Top of RECORDS SUPPLIED
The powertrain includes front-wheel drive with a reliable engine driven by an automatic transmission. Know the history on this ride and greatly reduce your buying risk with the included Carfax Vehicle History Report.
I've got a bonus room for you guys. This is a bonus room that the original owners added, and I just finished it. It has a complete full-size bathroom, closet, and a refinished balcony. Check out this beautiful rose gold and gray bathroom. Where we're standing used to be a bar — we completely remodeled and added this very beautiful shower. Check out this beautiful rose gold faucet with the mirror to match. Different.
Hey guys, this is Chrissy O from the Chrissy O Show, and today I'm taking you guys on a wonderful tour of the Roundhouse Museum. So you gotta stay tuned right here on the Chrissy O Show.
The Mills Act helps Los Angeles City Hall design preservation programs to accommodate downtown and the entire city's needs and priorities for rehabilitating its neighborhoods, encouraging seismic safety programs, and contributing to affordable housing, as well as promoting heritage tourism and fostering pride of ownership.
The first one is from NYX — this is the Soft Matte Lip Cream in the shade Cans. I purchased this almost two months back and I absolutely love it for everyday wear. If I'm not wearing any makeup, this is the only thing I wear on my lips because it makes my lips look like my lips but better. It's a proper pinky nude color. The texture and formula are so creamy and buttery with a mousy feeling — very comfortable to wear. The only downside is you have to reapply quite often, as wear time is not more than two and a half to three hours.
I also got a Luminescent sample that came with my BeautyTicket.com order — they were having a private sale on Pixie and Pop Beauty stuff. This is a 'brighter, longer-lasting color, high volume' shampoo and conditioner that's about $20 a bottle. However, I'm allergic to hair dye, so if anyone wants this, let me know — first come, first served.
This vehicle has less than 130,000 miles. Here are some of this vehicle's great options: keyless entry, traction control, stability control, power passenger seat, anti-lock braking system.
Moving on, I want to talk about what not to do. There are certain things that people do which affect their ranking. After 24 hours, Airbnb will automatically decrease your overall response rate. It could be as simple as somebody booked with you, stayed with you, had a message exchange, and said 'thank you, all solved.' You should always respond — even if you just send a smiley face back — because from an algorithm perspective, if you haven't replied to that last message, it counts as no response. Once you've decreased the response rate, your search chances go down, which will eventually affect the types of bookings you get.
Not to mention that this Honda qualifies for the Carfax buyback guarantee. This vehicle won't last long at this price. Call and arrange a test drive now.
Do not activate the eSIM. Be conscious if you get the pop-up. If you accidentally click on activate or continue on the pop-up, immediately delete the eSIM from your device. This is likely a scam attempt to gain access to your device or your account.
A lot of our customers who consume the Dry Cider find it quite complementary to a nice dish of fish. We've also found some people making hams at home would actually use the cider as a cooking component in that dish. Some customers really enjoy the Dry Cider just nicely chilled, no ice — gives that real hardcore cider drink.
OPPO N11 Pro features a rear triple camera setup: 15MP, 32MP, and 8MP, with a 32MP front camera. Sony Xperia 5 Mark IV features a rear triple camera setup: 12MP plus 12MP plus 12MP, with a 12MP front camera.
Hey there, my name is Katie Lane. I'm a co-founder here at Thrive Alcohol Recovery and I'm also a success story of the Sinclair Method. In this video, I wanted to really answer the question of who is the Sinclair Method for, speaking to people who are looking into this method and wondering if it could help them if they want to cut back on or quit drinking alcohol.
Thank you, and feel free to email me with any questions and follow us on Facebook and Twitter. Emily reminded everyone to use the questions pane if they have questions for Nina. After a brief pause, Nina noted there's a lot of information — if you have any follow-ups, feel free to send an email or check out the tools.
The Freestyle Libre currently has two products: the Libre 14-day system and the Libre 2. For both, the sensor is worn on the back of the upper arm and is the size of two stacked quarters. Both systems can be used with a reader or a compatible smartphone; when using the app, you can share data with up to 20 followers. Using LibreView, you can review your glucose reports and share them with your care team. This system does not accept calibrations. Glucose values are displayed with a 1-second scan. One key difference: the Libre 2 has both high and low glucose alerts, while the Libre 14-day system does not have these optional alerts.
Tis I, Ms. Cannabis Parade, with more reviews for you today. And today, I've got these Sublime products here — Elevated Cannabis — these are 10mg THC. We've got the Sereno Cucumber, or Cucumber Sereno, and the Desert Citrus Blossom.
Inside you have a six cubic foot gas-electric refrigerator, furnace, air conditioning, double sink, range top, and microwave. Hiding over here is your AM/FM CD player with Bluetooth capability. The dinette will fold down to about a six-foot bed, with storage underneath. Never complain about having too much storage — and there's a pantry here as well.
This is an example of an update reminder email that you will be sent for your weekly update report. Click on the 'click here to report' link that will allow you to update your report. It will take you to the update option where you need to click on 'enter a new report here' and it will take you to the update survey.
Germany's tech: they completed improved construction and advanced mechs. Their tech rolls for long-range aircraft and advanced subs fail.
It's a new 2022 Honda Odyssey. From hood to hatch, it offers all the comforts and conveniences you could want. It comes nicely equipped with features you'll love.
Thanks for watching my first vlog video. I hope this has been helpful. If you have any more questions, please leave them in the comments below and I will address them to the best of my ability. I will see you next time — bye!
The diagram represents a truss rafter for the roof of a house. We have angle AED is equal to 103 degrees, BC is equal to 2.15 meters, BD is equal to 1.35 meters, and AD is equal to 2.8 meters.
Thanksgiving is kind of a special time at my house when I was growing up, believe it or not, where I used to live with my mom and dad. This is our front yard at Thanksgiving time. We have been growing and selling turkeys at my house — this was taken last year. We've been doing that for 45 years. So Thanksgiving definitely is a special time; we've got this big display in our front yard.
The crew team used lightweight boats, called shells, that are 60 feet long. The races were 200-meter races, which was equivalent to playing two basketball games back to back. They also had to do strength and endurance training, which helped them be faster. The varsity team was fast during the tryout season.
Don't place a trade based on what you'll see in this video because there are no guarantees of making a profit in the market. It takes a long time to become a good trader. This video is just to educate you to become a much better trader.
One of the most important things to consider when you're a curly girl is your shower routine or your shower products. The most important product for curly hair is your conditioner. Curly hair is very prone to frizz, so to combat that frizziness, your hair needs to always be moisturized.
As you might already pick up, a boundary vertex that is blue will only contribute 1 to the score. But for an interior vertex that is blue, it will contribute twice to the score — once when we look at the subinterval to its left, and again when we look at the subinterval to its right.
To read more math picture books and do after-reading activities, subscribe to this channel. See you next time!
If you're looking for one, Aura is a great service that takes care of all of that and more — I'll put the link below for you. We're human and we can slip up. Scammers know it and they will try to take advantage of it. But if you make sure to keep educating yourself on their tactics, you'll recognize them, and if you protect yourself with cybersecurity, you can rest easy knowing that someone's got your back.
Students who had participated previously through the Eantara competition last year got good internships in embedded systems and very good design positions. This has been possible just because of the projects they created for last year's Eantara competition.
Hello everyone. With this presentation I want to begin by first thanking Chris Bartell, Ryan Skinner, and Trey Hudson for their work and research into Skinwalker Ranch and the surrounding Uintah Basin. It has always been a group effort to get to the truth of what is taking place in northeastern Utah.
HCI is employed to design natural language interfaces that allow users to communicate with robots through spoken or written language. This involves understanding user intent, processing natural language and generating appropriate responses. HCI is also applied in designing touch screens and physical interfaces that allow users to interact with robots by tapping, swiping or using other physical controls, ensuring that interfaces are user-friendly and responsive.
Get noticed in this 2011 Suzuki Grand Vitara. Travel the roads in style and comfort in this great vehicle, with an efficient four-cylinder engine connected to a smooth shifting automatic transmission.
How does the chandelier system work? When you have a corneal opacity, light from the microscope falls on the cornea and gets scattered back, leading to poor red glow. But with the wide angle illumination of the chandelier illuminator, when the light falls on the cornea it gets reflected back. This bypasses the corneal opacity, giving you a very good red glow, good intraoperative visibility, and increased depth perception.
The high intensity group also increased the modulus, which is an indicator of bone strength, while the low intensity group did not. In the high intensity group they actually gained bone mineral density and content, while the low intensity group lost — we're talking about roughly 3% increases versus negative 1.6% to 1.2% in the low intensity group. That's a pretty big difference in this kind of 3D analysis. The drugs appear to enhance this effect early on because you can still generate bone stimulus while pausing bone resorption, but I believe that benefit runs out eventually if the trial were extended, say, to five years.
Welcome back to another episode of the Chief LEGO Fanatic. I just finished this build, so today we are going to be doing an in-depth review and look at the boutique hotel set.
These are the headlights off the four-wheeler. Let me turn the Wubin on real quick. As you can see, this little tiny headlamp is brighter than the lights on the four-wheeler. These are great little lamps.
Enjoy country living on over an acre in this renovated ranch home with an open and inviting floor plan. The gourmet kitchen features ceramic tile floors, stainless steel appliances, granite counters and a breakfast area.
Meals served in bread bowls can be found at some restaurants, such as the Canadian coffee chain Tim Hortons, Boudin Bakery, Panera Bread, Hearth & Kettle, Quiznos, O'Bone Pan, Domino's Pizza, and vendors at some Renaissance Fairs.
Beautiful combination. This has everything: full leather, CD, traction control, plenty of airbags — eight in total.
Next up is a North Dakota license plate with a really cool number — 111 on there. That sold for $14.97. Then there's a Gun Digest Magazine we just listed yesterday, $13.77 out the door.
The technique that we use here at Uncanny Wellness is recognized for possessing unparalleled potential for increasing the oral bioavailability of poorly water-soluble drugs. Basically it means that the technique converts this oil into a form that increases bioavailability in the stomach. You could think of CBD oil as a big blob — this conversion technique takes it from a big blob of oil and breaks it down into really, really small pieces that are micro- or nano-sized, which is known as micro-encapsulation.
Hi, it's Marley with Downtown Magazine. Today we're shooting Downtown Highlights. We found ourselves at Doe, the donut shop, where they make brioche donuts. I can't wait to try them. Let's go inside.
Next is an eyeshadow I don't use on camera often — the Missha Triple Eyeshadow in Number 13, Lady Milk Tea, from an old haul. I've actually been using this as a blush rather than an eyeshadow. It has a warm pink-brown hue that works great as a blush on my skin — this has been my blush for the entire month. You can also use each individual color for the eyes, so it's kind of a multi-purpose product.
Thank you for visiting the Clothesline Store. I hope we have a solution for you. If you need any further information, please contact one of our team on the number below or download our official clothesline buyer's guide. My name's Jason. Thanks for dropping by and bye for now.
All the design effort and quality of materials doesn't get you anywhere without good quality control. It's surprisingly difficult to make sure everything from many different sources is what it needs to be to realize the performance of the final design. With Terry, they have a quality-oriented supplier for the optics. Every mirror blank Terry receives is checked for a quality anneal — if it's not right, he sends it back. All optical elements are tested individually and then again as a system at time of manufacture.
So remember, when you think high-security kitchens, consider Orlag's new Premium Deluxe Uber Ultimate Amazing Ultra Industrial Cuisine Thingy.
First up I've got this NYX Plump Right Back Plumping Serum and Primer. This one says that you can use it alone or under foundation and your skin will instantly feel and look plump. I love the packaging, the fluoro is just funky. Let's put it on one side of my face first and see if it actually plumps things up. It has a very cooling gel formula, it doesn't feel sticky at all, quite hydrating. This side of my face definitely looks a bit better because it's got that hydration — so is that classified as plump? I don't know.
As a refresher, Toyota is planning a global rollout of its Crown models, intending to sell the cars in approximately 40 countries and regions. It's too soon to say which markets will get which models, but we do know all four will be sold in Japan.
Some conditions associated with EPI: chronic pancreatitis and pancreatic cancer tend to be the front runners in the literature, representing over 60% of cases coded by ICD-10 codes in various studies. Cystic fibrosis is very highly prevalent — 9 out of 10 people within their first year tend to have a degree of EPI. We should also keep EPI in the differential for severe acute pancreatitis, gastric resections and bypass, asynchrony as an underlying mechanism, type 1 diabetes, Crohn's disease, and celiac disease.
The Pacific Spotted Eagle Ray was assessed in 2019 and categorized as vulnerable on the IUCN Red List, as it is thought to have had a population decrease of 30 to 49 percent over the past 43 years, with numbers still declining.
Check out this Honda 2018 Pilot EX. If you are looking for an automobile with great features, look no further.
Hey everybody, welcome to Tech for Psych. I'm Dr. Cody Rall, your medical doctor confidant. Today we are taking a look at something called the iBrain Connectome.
Bottom of RECORDS SUPPLIED
> **TASK INSTRUCTIONS**
Reproduce precisely, and with no line left out, each line from the top of the entries through the line that carries "The Mills Act".

> **ANSWER BELOW**
The powertrain includes front-wheel drive with a reliable engine driven by an automatic transmission. Know the history on this ride and greatly reduce your buying risk with the included Carfax Vehicle History Report.
I've got a bonus room for you guys. This is a bonus room that the original owners added, and I just finished it. It has a complete full-size bathroom, closet, and a refinished balcony. Check out this beautiful rose gold and gray bathroom. Where we're standing used to be a bar — we completely remodeled and added this very beautiful shower. Check out this beautiful rose gold faucet with the mirror to match. Different.
Hey guys, this is Chrissy O from the Chrissy O Show, and today I'm taking you guys on a wonderful tour of the Roundhouse Museum. So you gotta stay tuned right here on the Chrissy O Show.
The Mills Act helps Los Angeles City Hall design preservation programs to accommodate downtown and the entire city's needs and priorities for rehabilitating its neighborhoods, encouraging seismic safety programs, and contributing to affordable housing, as well as promoting heritage tourism and fostering pride of ownership.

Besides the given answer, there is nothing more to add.